• Records provided:
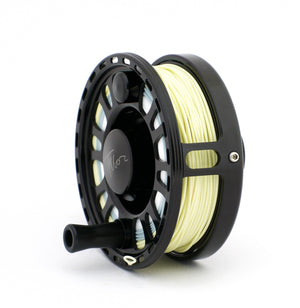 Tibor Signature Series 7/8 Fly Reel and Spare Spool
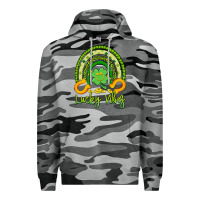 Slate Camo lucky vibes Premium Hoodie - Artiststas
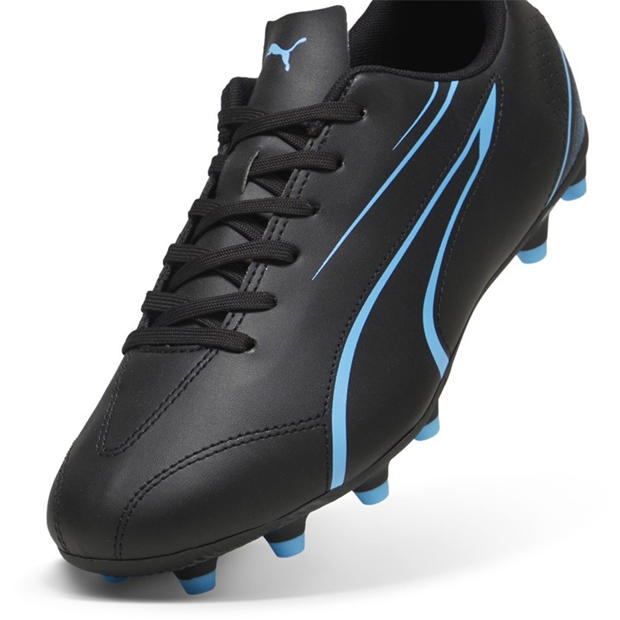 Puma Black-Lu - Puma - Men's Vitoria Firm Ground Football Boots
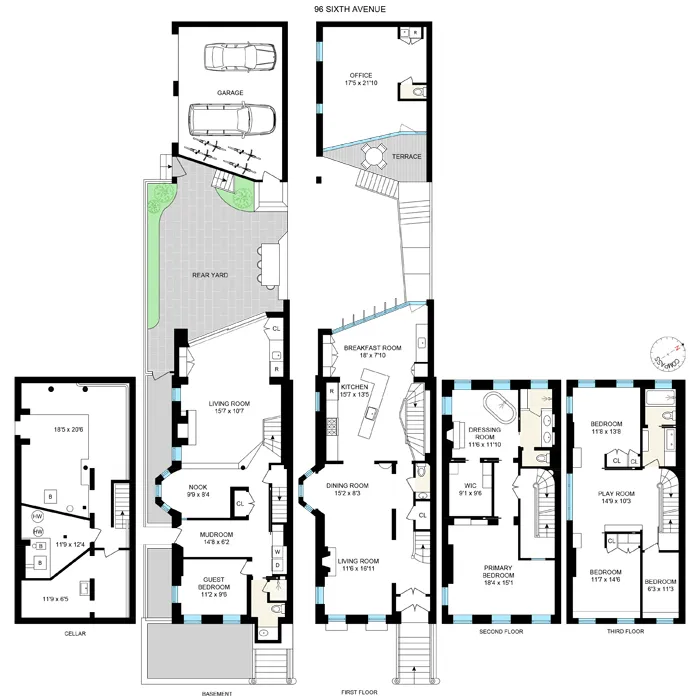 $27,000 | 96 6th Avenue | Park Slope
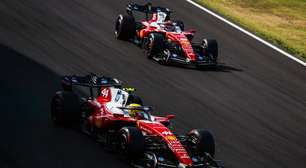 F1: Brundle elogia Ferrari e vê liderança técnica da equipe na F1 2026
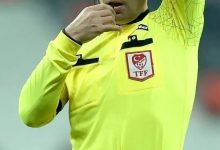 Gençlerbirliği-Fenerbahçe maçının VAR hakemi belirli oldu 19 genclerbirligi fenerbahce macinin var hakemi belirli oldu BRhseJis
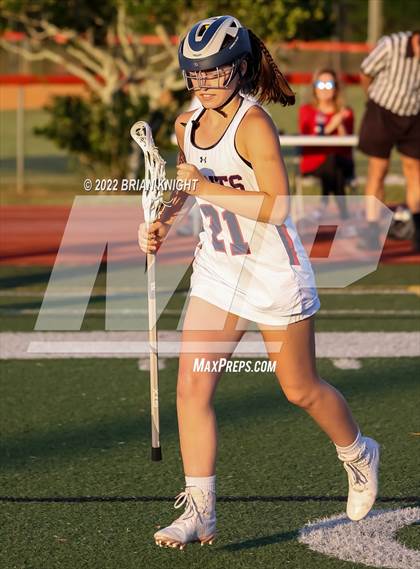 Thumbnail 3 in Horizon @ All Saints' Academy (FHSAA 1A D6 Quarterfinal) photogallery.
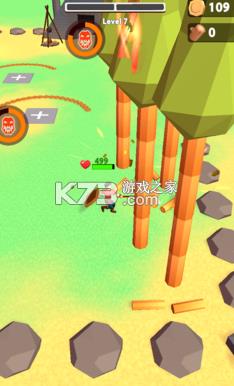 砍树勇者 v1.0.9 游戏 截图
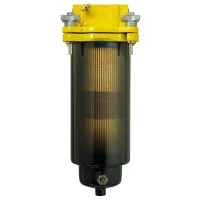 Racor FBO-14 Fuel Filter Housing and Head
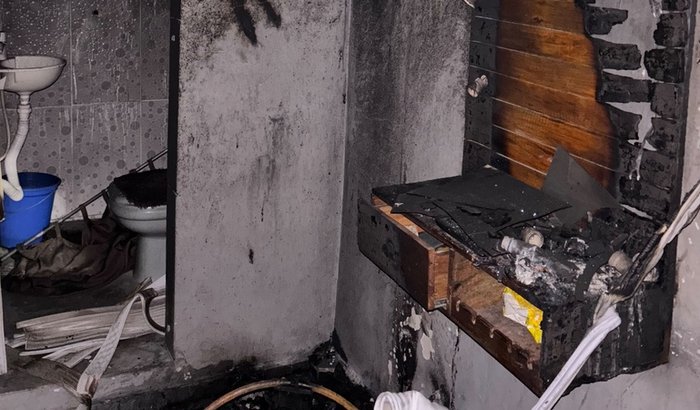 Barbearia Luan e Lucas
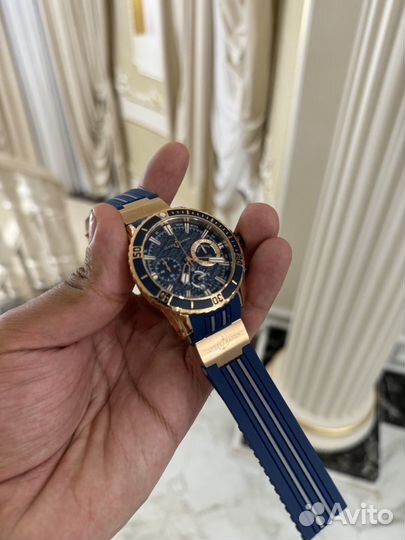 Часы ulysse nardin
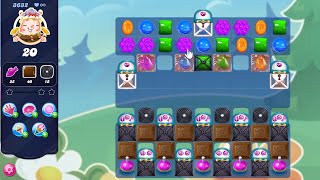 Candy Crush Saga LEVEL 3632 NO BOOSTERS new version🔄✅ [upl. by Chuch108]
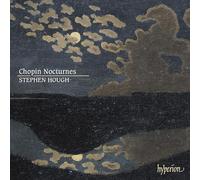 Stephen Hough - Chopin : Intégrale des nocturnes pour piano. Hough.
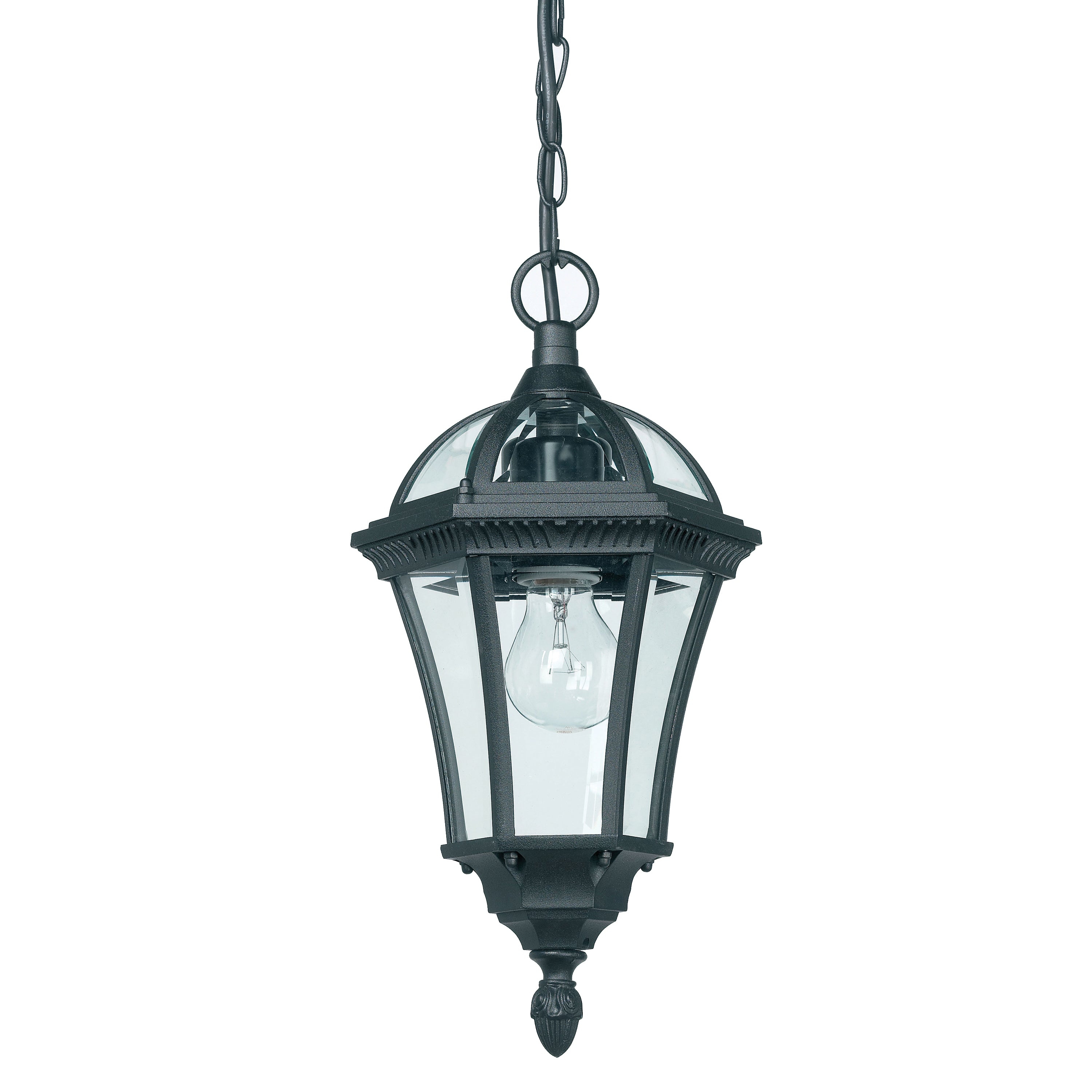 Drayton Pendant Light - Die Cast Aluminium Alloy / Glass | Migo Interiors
...
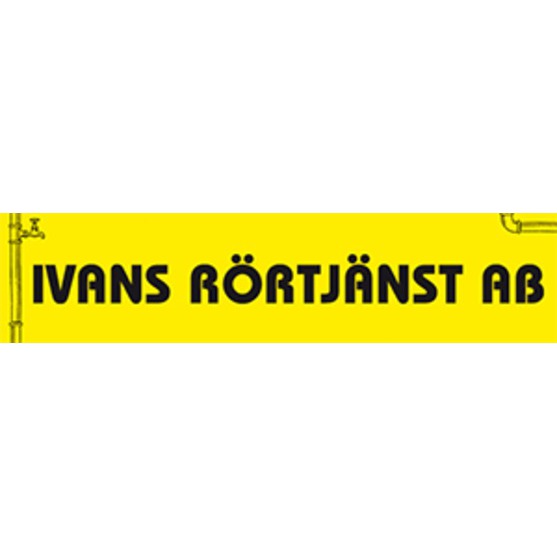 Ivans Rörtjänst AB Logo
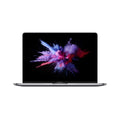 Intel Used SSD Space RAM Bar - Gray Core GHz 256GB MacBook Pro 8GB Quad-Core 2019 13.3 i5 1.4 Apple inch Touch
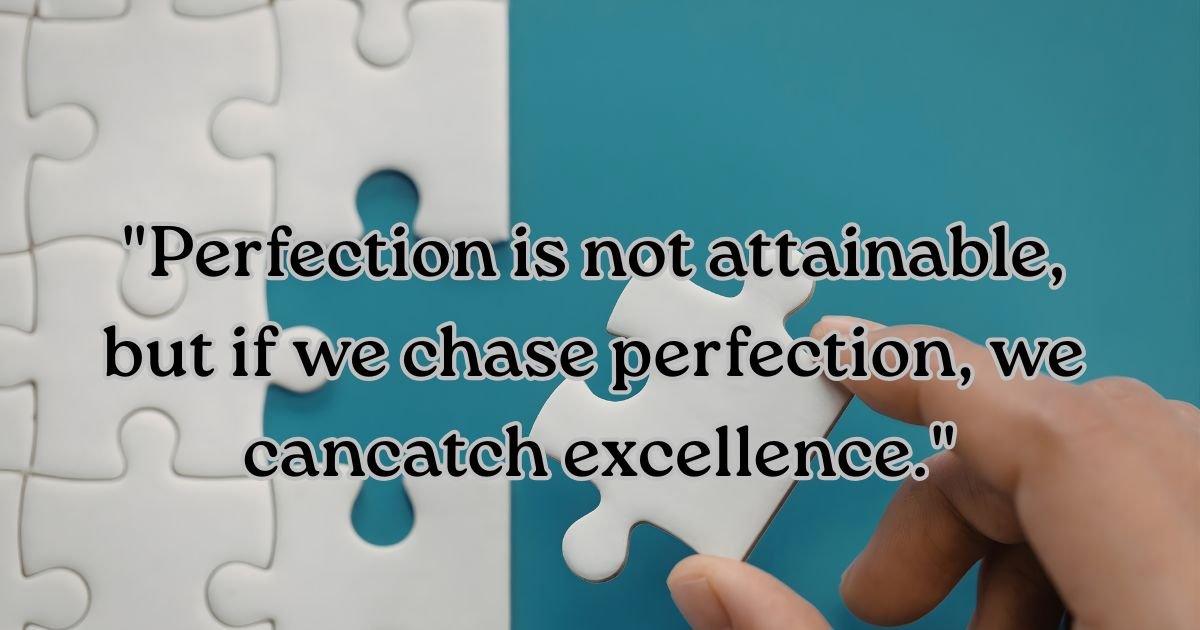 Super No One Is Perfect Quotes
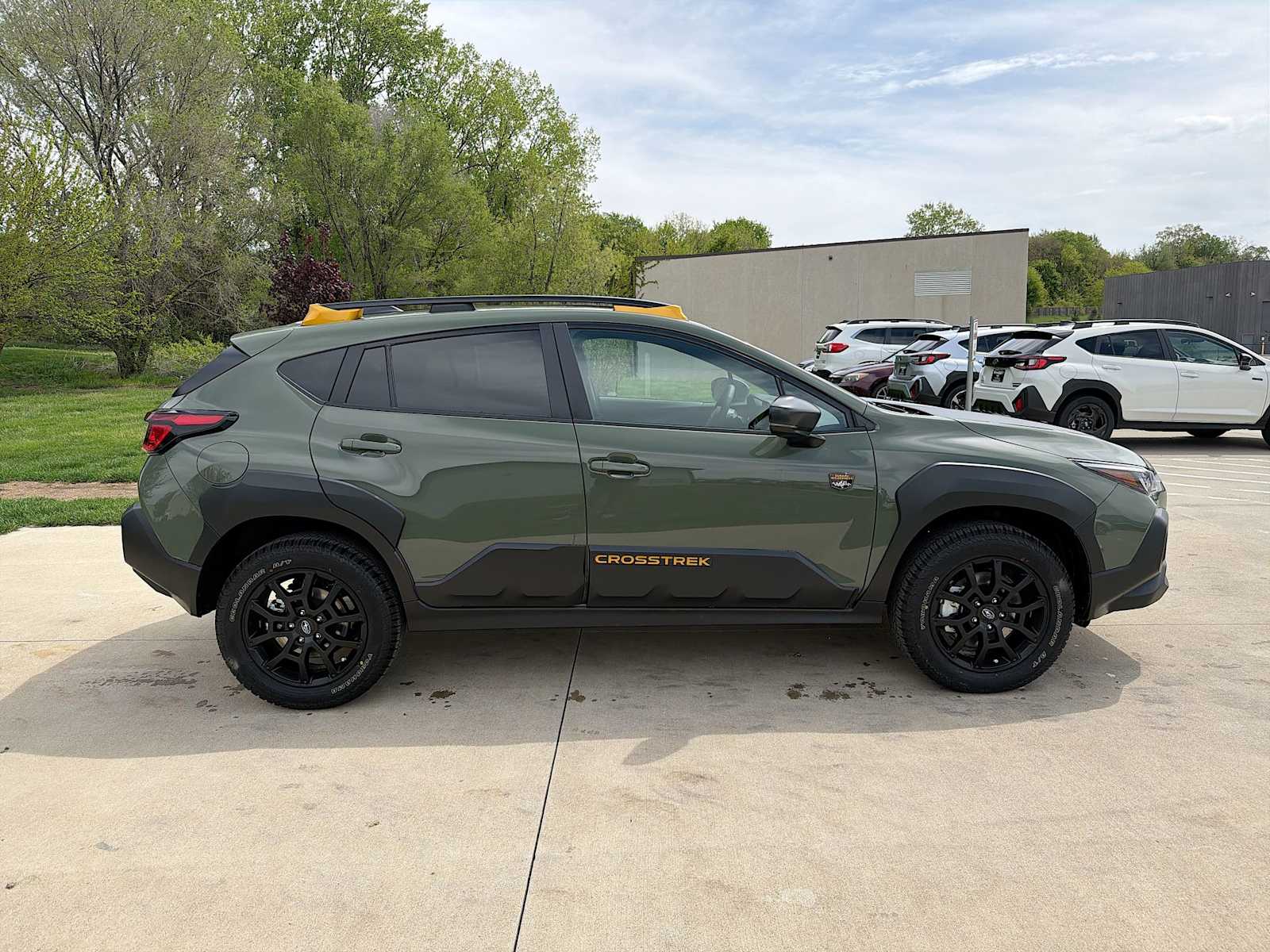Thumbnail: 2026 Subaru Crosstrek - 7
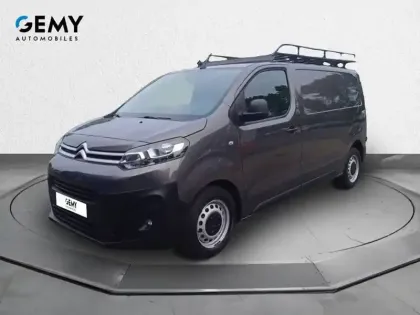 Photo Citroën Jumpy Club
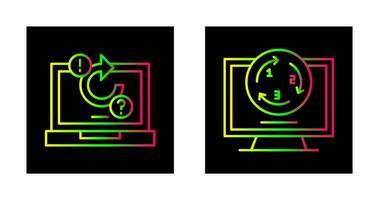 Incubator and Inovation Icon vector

• What the exercise asks: In the records above, find the line with "Часы ulysse nardin". Print exactly from there through the line with "Drayton Pendant Light", minus the pictures.

• Exercise solution:
 Часы ulysse nardin
 Candy Crush Saga LEVEL 3632 NO BOOSTERS new version🔄✅ [upl. by Chuch108]
 Stephen Hough - Chopin : Intégrale des nocturnes pour piano. Hough.
 Drayton Pendant Light - Die Cast Aluminium Alloy / Glass | Migo Interiors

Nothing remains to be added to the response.